Benvenuta Primavera !

JAPAN-WEATHER-CULTURE

Leggo su Il Post. it:

Il primo giorno di primavera è oggi 20 Marzo 2015.

Il primo giorno di primavera del 2015 – cioè l’equinozio di primavera – è l’evento astronomico da cui si fa cominciare la stagione della primavera. Avviene negli ultimi minuti di venerdì 20 marzo (esattamente alle ore 23:45 italiane). L’inizio della primavera, determinato dalla rivoluzione della Terra, non arriva ogni anno lo stesso giorno e molti sono abituati a pensare che invece la stagione cominci sempre il 21 marzo, giorno di San Benedetto da Norcia.

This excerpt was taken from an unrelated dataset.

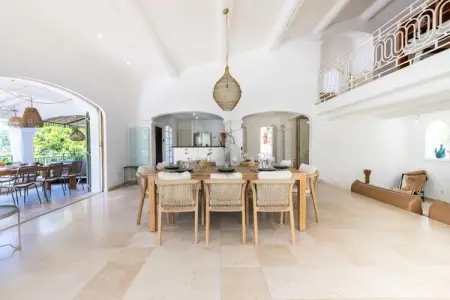 Résidence Villa 400m&sup2; Padel Piscine Volley, Villa à Valbonne avec piscine et terrains de sport - Photo 13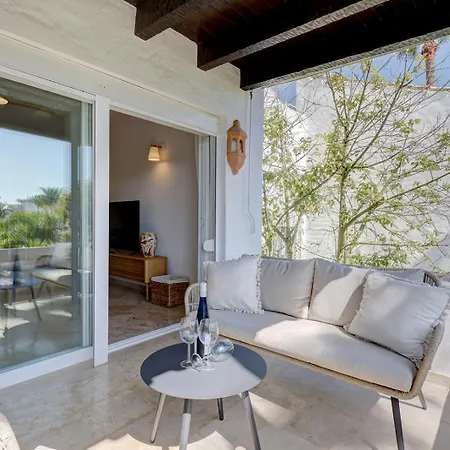 Stylish 2 Bedroom Penthouse With Pool By The شقة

Spesso si ritiene infatti che le stagioni cambino il 21 del mese, ogni tre mesi: e che la primavera inizi il 21 marzo. Ma le stagioni non sono determinate per convenzione, e la dichiarazione del loro avvio è una tradizione culturale che è conseguenza di un evento astronomico ben preciso che capita quattro volte nel corso dell’anno: agli equinozi (due) e ai solstizi (altri due), istanti precisi che la costruzione dei nostri calendari “muove” nell’arco di alcune decine di ore ogni anno. E per tutto questo secolo, l’equinozio sarà il 20 marzo, con qualche eccezione per il 19 (nella tarda serata). La primavera astronomica tornerà a cominciare il 21 marzo solo nel 2102. [….]

(L’articolo completo qui su Il Post.it)

BENVENUTA, allora, Primavera!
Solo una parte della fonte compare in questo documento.